Two-dimensional density evolution local to the inversion layer during sawtooth crash using Beam Emission Spectroscopy at DIII-D tokamak

We present methods for analyzing light fluctuations measured by Beam Emission Spectroscopy (BES) data to obtain the plasma density evolution in a 2-D plane associated with rapid sawtooth crash events at the DIII-D tokamak. A method is developed to remove sawtooth induced edge light pulse from the BES data, as intense D_α  emission produced by edge recycling during sawtooth events makes traditional spectroscopic filtering and data analysis techniques insufficient.
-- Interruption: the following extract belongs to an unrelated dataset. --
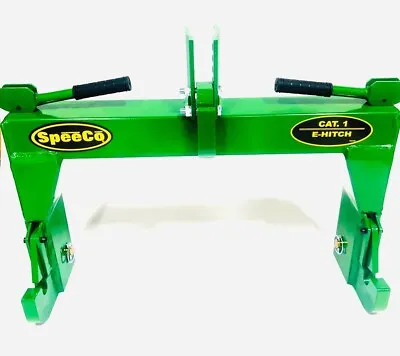 Buy SpeeCo 3-Point Quick Hitch Cat 1 Tractor Implement Adaption GREEN, Free Shipping • 277.95$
The cross-calibration of 64 BES channels is checked using a novel technique to ensure accurate measurements. The relationship between large-amplitude light fluctuation, δI/I₀, and density variation, δn_i/n_i0, is discussed for these intense sawtooth oscillations. 2-D images of δn_i/n_i0 show a significant spatial variation across an 8 cm (radial) × 20 cm (poloidal) area spanning the sawtooth inversion layer. Multiple density oscillations at ~13 kHz are observed at each sawtooth event that are synchronized with magnetic field fluctuations observed with edge magnetic probes. Density has been observed to spatially vary from ∼ 3.6 to 6.3 × 10¹³ cm^-3 about the sawtooth inversion region at the latter end of the crash [Bose et. al. to be submitted to Rev. Sci. Instrum. (2021)].